## YOUR INSTRUCTIONS
Look through the data below for the line with "Once here, you" and the line with "Good afternoon all.", then transcribe exactly from the first through the second, leaving out all pictures.

## AVAILABLE DATA
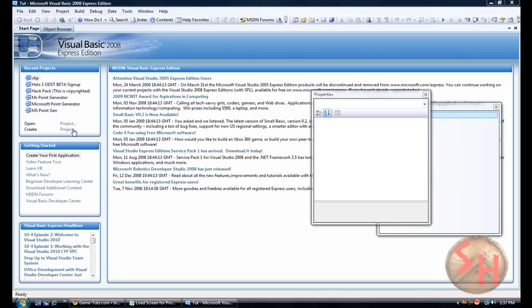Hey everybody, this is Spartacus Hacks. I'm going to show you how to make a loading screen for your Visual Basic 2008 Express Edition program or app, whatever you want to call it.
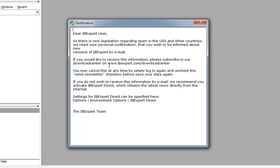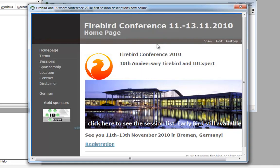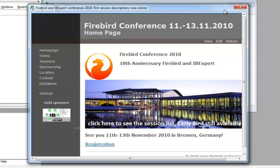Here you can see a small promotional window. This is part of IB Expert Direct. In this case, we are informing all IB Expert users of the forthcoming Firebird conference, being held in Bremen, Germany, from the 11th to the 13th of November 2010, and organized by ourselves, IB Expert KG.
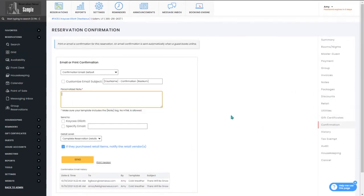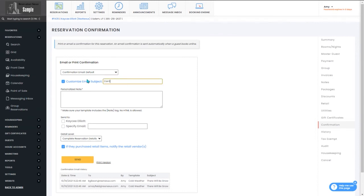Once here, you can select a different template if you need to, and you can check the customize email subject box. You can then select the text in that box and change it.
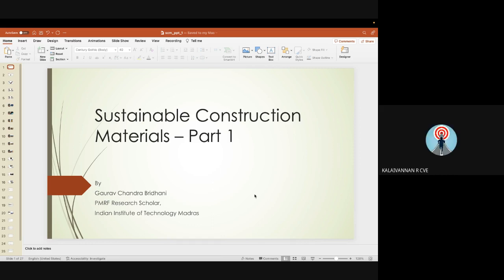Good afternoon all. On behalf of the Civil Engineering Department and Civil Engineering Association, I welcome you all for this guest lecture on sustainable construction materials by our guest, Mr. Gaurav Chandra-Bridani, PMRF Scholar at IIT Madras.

* * *

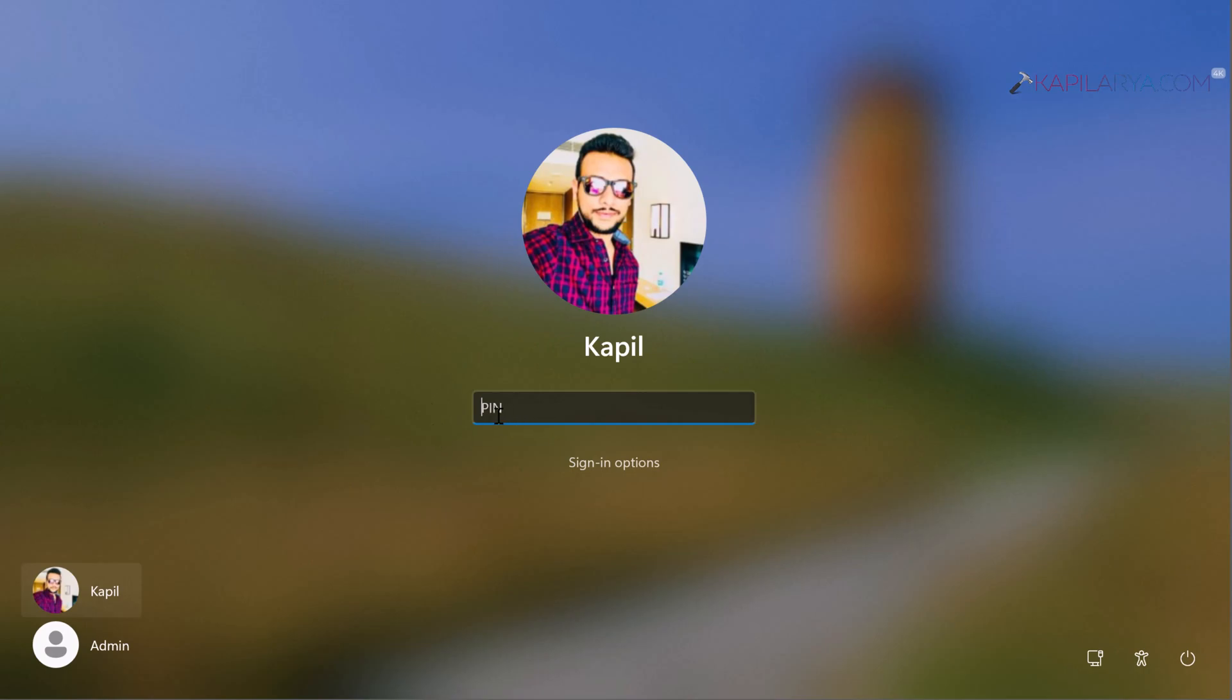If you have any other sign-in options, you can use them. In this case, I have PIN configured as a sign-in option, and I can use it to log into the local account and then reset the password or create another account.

==

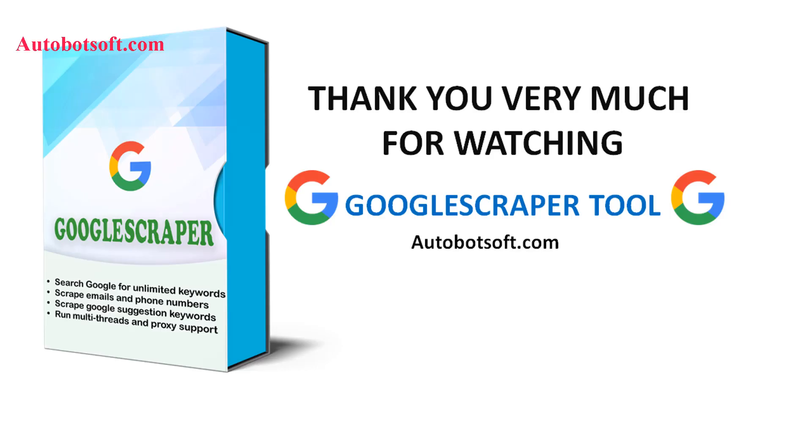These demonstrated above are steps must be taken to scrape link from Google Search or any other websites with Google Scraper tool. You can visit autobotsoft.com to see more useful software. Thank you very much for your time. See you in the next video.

## SOLUTION TO THE PROBLEM
Once here, you can select a different template if you need to, and you can check the customize email subject box. You can then select the text in that box and change it.
Good afternoon all. On behalf of the Civil Engineering Department and Civil Engineering Association, I welcome you all for this guest lecture on sustainable construction materials by our guest, Mr. Gaurav Chandra-Bridani, PMRF Scholar at IIT Madras.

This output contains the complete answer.